García Lorca junto a su madre en la Huerta de San Vicente, verano de 1935 (Autor: Eduardo Blanco Amor)



Acudo al requerimiento que me formula en «Las Últimas Noticias» del 5 del mes pasado, mi talentoso y cordial amigo Antonio Romera, transparentemente oculto bajo el ciclópeo pseudónimo de Federico Disraeli, para disipar de una vez las insistentes brumas que aún flotan sobre el origen de los Seis poemas gallegos de Federico. Estaba yo todavía en Buenos Aires, cuando asomó a los anaqueles el libro de Díaz Plaja, donde este enfadoso pleito literario vuelve a plantearse. También allí fui requerido por unos y por otros para su esclarecimiento. No tuve ganas de hacerlo. En Buenos Aires, el tema lorquiano -salvo algunos fervores en verdad auténticos- se halla de tal modo envilecido por el snobismo y la sofisticación que resulta triste y ligeramente repugnante sumarse al mundo de los presuntos esclarecedores y escolistas. En vista de que Federico estuvo allí unos meses -viaje en cuya decisión me cupo buena parte- cualquier zascandil o zascandila de los suburbios literarios, a quien alguna vez la universal cordialidad de Federico tendió la mano al pasar en el vestíbulo de un teatro, se encuentra con derecho a describirnos el color de sus pijamas y sus más íntimos pensamientos.

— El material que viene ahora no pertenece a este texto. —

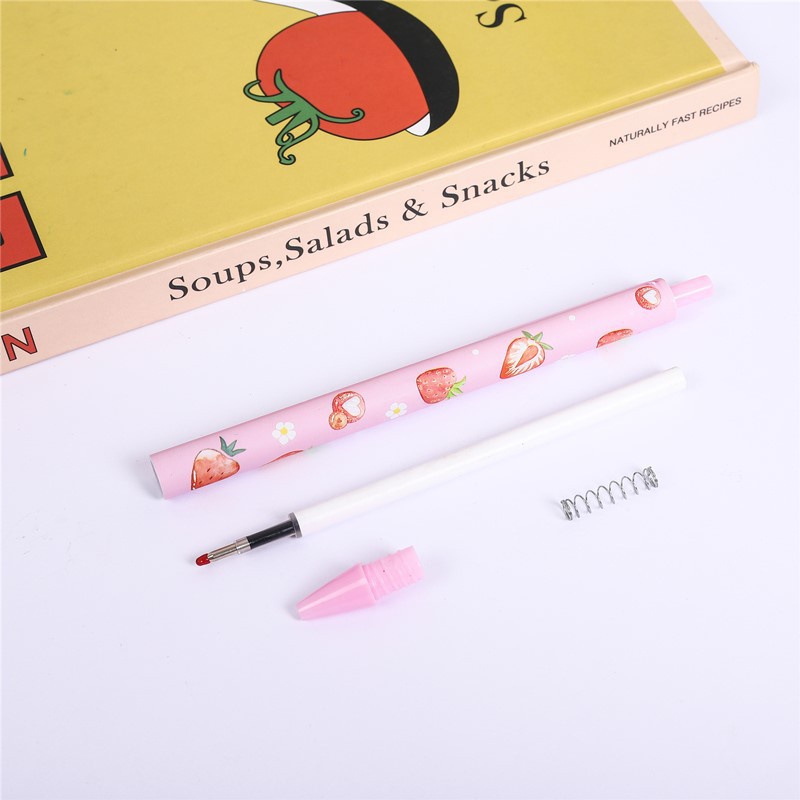 1 Bút Mực Nước Ngòi 0.5mm Hình Quả Dâu Tây Dễ Thương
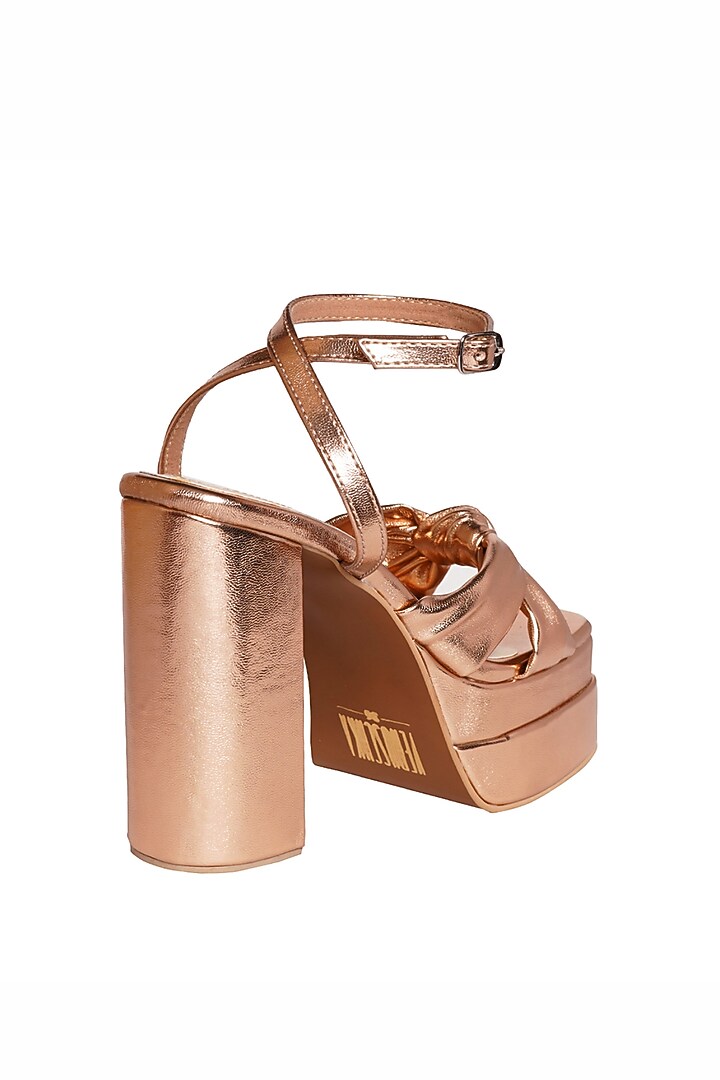 Metallic Rose Gold Vegan Leather Block Heels by Veruschka By Payal Kothari at Pernia's Pop Up Shop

Cuando nos lo mataron, cuando, como dijo Alfonso Reyes, «el jabalí hozó en su sangre» y sus amigos quedaron aplastados de dolor y de estupor, sin resuello siquiera para el grito o para la blasfemia, sin fuerzas en las entrañas para exprimir el llanto, surgió otro pelotón de fusilamiento no menos protervo y los periódicos y tribunas se llenaron con urgentes testimonios de esa sucia necrofagia que se disputaba a dentelladas su cuerpo aún caliente, sin más dolor que el laríngeo y el pedestre, que echaba a volar el aullido o que enjuanetaba la pluma con la misma ardorosa falsía. Fue en aquel entonces cuando hice voto de silencio sobre el que había sido mi amigo ejemplar y, en tantas cosas de la vida y del arte, mi generoso maestro durante los tres años de mi permanencia en España. Mientras los snobs veían en lo calvo de la ocasión un motivo de los más pintados para declamar sus exitismos y fariseísmos, yo oía dentro de mi la voz de doña Vicenta, su madre, cuando fui a pedirle que consintiese un nuevo viaje del poeta a América, a fin de estrenar la reciente Doña Rosita.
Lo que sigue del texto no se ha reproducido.